Why John Carney Needed to Write ‘Good, Not Great’ Music for ‘Flora and Son’

TheWrap magazine: “It can’t be that she suddenly starts singing like Beyoncé and he starts writing Ed Sheeran songs,” Carney says

Eve Hewson Flora and Son
Eve Hewson and Joseph Gordon-Levitt in "Flora and Son" (Credit: Apple TV+)

Songs are key to the movies made by Irish musician-turned-director John Carney, but the path to those songs was clearer in his previous films “Once” (an Oscar winner for “Falling Slowly”), “Begin Again” (a nominee for “Lost Stars”) and “Sing Street” than it was for “Flora and Son,” which stars Eve Hewson as a young mother who uses music to connect with her sullen teenage kid.

“There’s a point where you have to go, what’s the sound of this film?” Carney said. “’Once’ was folksy and acoustic. ‘Sing Street’ was ’80s pop. But I didn’t know what this one was.
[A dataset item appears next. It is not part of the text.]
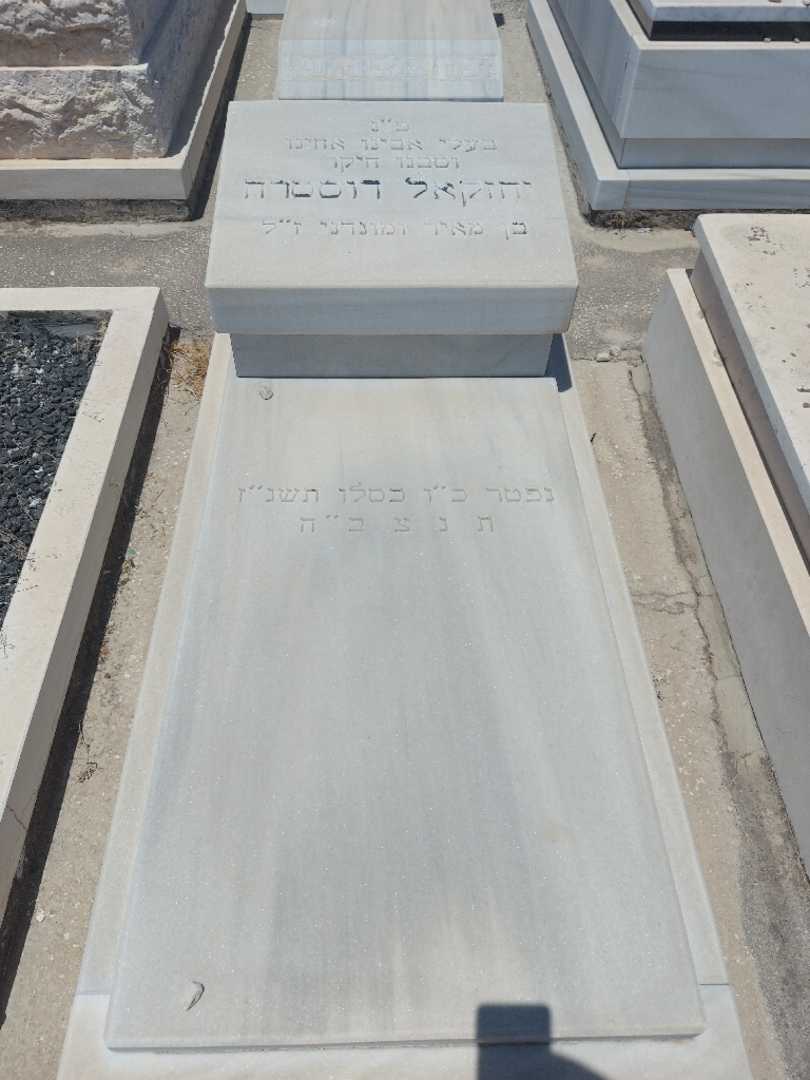 קברו של יחזקאל רוסטרה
I knew what Flora sounds like when she’s talking and I knew what the movie would look like, but I had no idea what music they were creating.”

To figure that out, Carney and co-writer Gary Clark (former leader of the Scottish band Danny Wilson, which had a big hit with “Mary’s Prayer” in 1988) turned to the script and the characters — particularly for “Meet in the Middle,” the song that forges a connection between Flora and Jeff (Joseph Gordon-Levitt), an online guitar teacher from Los Angeles; and “High Life,” which serves as the film’s climax.

That latter song, rousing and defiant, is meant to be a collaboration between Flora, Jeff and Flora’s son, Max (Orén Kinlan). “It had to be plausible,” Carney said. “She’s a girl who’s been learning guitar for a couple of months and probably knows 10 chords. He’s a slightly washed-up singer-songwriter, so he’s not writing Bruce Springsteen songs — they’re probably good, not great. The kid is picking around with GarageBand on his laptop, and maybe he’s trying to rap, God bless him. And out of that weird mix, we created the music.” 

“High Life,” Gary Clark added, was “a hard one” to nail. “We got the chorus reasonably early on,” he said. “And then it was about trying to get the verses to feel true to the characters. Right up to the end, we were tweaking it.”

For “Meet in the Middle,” Carney’s model was the classic “Fairytale of New York,” on which the late Irish singer Kirsty MacColl sang with the Pogues. “It’s a kind of dialogue where each of the characters has their own voice inside the song,” said Clark. “Getting it right was such a fine balance.”

Because they knew their characters so well, Hewson and Gordon-Levitt were brought into the songwriting process on a Saturday during shooting. “We had to stick to the rules,” Carney said of the movie’s songs. “It can’t be that she suddenly starts singing like Beyoncé and he starts writing Ed Sheeran songs. We wanted it to be really, really nice, but it always had to be plausible.

“I don’t want to make movies about going from rags to riches and getting an award and everybody loves you. That’s been done so many times, and there are so many more interesting stories to tell about how music is important in so many different ways.” 

A version of this story first appeared in the Race Begins issue of TheWrap magazine. Read more from the Race Begins issue here.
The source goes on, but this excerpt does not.